[[ PROVIDED MATERIAL open ]]

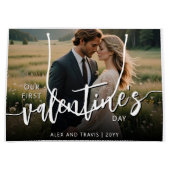 Gepersonaliseerde foto Moderne eerste Valentijnsda Groot Cadeauzakje (Voorkant)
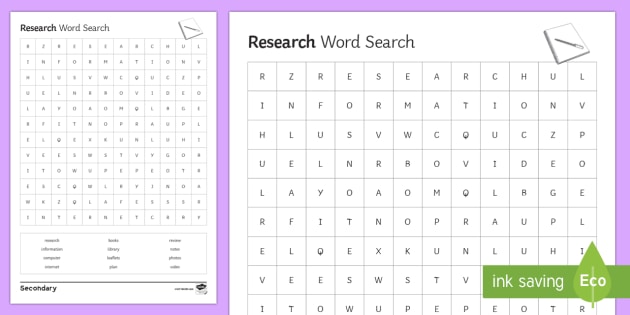 research paper word search puzzle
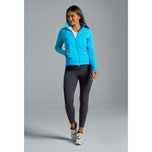 IBKUL 여성용 솔리드 하이브리드 퍼프 골프 재킷 - 청록색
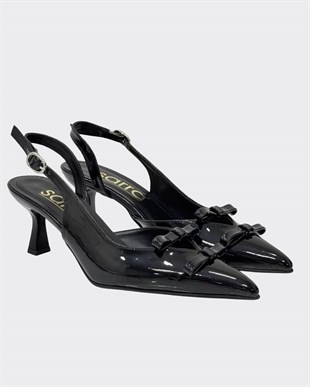 Çift Fiyonk Tasarımlı 7 Cm Rahat Topuklu Stiletto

[[ PROVIDED MATERIAL closed ]]

Set down the material above word for word and skip its pictures.

§ THE COMPLETED TASK:
 Gepersonaliseerde foto Moderne eerste Valentijnsda Groot Cadeauzakje (Voorkant)
 research paper word search puzzle
 IBKUL 여성용 솔리드 하이브리드 퍼프 골프 재킷 - 청록색
 Çift Fiyonk Tasarımlı 7 Cm Rahat Topuklu Stiletto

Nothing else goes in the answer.